> _Supplied entries_
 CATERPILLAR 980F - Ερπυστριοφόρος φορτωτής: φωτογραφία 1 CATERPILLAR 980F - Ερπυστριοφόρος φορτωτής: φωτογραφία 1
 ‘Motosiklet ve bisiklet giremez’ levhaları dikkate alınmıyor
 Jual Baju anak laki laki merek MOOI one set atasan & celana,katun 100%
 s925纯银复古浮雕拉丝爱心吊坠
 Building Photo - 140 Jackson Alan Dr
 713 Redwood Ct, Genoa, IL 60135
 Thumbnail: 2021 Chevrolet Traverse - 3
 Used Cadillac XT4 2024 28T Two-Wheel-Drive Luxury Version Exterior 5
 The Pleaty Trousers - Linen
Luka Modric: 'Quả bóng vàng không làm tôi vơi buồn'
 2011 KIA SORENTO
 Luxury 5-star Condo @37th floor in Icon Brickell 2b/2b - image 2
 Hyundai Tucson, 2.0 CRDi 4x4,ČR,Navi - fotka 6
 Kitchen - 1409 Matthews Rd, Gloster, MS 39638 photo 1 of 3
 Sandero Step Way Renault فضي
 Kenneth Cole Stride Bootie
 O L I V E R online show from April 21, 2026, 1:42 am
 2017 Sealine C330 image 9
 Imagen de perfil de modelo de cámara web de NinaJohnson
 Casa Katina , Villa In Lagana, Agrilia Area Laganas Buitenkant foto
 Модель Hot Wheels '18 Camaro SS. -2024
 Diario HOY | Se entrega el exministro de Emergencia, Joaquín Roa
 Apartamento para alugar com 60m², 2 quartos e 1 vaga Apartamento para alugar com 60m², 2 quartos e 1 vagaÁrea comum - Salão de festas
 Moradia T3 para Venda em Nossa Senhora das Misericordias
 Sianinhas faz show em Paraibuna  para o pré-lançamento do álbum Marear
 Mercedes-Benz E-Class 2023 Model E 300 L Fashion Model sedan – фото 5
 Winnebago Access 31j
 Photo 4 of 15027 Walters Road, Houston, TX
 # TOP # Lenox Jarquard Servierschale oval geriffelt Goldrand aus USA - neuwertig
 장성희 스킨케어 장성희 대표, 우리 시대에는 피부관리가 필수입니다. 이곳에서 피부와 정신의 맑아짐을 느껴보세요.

> _Problem details_
Every entry must appear in the answer, reproduced exactly.

> _Task response_
 CATERPILLAR 980F - Ερπυστριοφόρος φορτωτής: φωτογραφία 1 CATERPILLAR 980F - Ερπυστριοφόρος φορτωτής: φωτογραφία 1
 ‘Motosiklet ve bisiklet giremez’ levhaları dikkate alınmıyor
 Jual Baju anak laki laki merek MOOI one set atasan & celana,katun 100%
 s925纯银复古浮雕拉丝爱心吊坠
 Building Photo - 140 Jackson Alan Dr
 713 Redwood Ct, Genoa, IL 60135
 Thumbnail: 2021 Chevrolet Traverse - 3
 Used Cadillac XT4 2024 28T Two-Wheel-Drive Luxury Version Exterior 5
 The Pleaty Trousers - Linen
Luka Modric: 'Quả bóng vàng không làm tôi vơi buồn'
 2011 KIA SORENTO
 Luxury 5-star Condo @37th floor in Icon Brickell 2b/2b - image 2
 Hyundai Tucson, 2.0 CRDi 4x4,ČR,Navi - fotka 6
 Kitchen - 1409 Matthews Rd, Gloster, MS 39638 photo 1 of 3
 Sandero Step Way Renault فضي
 Kenneth Cole Stride Bootie
 O L I V E R online show from April 21, 2026, 1:42 am
 2017 Sealine C330 image 9
 Imagen de perfil de modelo de cámara web de NinaJohnson
 Casa Katina , Villa In Lagana, Agrilia Area Laganas Buitenkant foto
 Модель Hot Wheels '18 Camaro SS. -2024
 Diario HOY | Se entrega el exministro de Emergencia, Joaquín Roa
 Apartamento para alugar com 60m², 2 quartos e 1 vaga Apartamento para alugar com 60m², 2 quartos e 1 vagaÁrea comum - Salão de festas
 Moradia T3 para Venda em Nossa Senhora das Misericordias
 Sianinhas faz show em Paraibuna  para o pré-lançamento do álbum Marear
 Mercedes-Benz E-Class 2023 Model E 300 L Fashion Model sedan – фото 5
 Winnebago Access 31j
 Photo 4 of 15027 Walters Road, Houston, TX
 # TOP # Lenox Jarquard Servierschale oval geriffelt Goldrand aus USA - neuwertig
 장성희 스킨케어 장성희 대표, 우리 시대에는 피부관리가 필수입니다. 이곳에서 피부와 정신의 맑아짐을 느껴보세요.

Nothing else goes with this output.